The fact that the Bears have for the most part remained competitive, focused and playing with professional intensity through a dismal season doesn’t ultimately mean much in a business which has only one true measure of success – winning. But events elsewhere in the NFL suggest that maintaining an even strain amid losing is an exception rather than the rule.
The Minnesota Vikings will take on the Bears Sunday in Minneapolis having fragmented in a loss last Saturday to the Green Bay Packers, with indications that players ignored coaches’ (including head coach Mike Zimmer’s) instructions in what could only politely be called insubordination. Zimmer and players have since claimed “miscommunication” as a lock-step explanation, but Zimmer’s comments after the game – “somebody decided they wouldn’t do that,” referring to not following the game plan for defending Packers wideout Jordy Nelson – suggested more than just “miscommunication.” Zimmer later went so far as to fault himself for being “too honest” after the game.
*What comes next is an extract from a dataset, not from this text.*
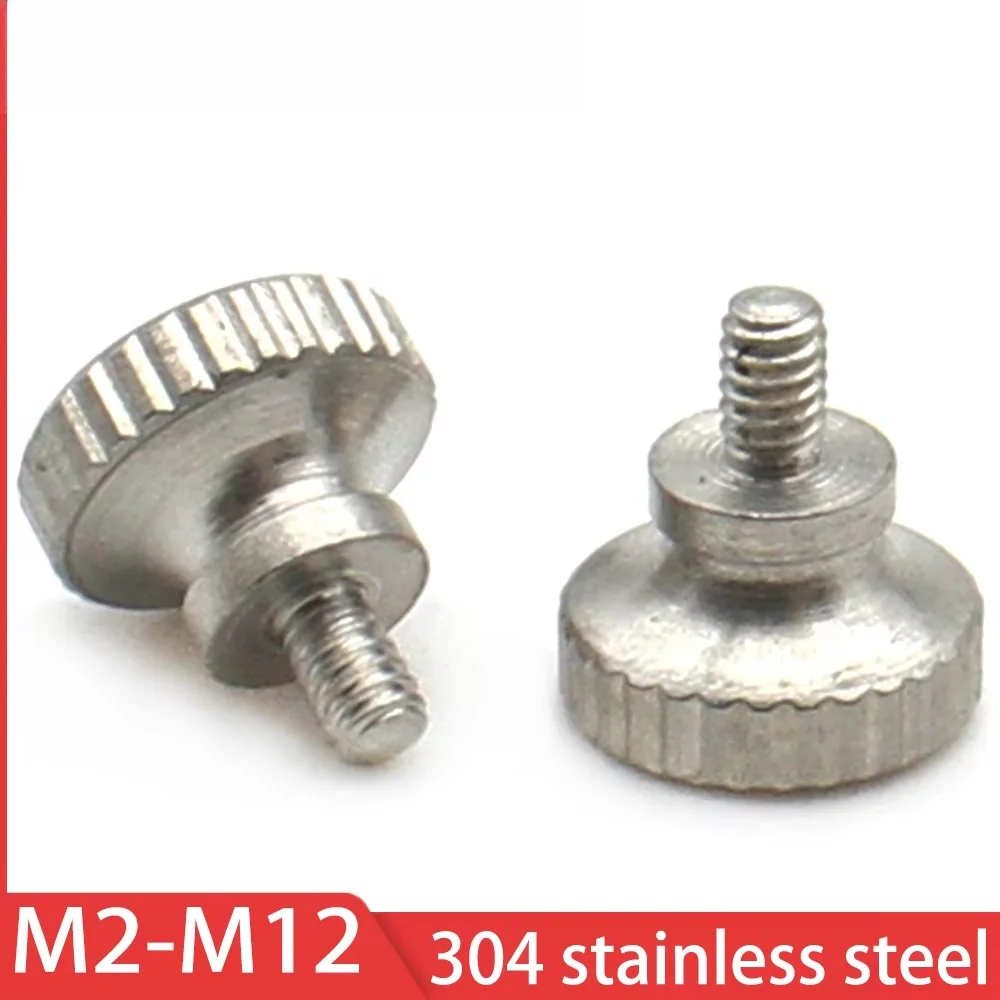 1/2/6PCS 304 Stainless Steel High Step Thumb Bolt M2 M2.5 M3 M4 M5~M12 Hand Grip Knob Bolts Knurled Thumb Screws Length 3 - 35mm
Subsequent reports suggested that the mutiny lasted only a series or two, and Zimmer will talk Wednesday via conference call with the Chicago media. Whatever that situation, the Vikings started the season 5-0, still stood 7-6 and in NFC North contention, then delivered double-digit losses the past two weeks to miss a postseason that appeared to be theirs, even sans Teddy Bridgewater, Matt Kalil and others.
Rex Ryan was fired on Tuesday, maybe doing the popular but underachieving coach a favor given the quagmire the Buffalo Bills have become. Ryan got to AFC Championship games his first two years coaching the New York Jets, then hasn’t had a winning season in the six since. He left with players complaining in his wake that his systems were too complicated, and noting that the unit supposedly his specialty had gone from No. 4 the year before he was hired to the bottom half of the league.
New York Jets players said that some of them were looking past this season as this year, their second under coach Todd Bowles, was winding down and unraveling. Pro Bowl defensive lineman Sheldon Richardson said after last week’s 41-3 loss to New England that wide receiver Brandon Marshall “should be embarrassed.” And the New York Post mused afterwards that owner Woody Johnson uncharacteristically may have stayed away from the Patriots game because he was tired of watching his team be uncompetitive.
[MORE BEARS: Evaluating John Fox's bears based on the Redskins game]
No one is happy at Halas Hall. But “uncompetitive” wouldn’t be an overall Bears descriptor even with backups at times in as many as half the starting spots on both sides of the football.
For as well as the sometimes-makeshift Bears offensive line has played this season, tackle projects as one of the top three need areas along with quarterback and cornerback. This is not a simple swipe at Charles Leno Jr. or Bobby Massie, just a look around at what is working around the league.
Right now 10 teams have clinched playoff spots. Of those, seven have left tackles selected in the first rounds of drafts. And one of the others – Pittsburgh – used No. 1’s at center and guard in recent drafts.
The Bears have a No. 1 in Kyle Long at left guard, an elite veteran in Josh Sitton at left guard, and a budding star in Cody Whitehair, a No. 2 this year, at center. What they don’t have, following the NFL template, is “elite” at either edge position, and it is a spot that hasn’t been addressed by the Bears before the fifth round in a draft since 2011, and it didn’t work then (Gabe Carimi, No. 1) or the time before that (Chris Williams, No. 1, 2008).
Missing Cutler? Who’d’a thunk it?
If the Bears appeared to regress in 2016 from where they were at the end of their 6-10 first year under Fox, one obvious reality is that the Bears had Jay Cutler in the best full season of his career, relatively turnover-free, for 15 starts. This year’s edition had Cutler Interrupted (starting two games, miss five, play a few, then done for the year), then Brian Hoyer briefly, followed by Matt Barkley, with about the norm for results when a team loses its No. 1 quarterback for extended periods.
The 2013 injury riddled Green Bay Packers were slumped to 0-4-1 in games after Aaron Rodgers was injured on the Shea McClellin sack. They did recover to reach the playoffs with Rodgers returning to hit Randall Cobb over Chris Conte in Game 16 that season.
Cutler appeared to regress this season, returning to his high interception percentage and middling completion percentage. But amid all the IR’s, none stands as big as Cutler’s in what is likely his last season in Chicago.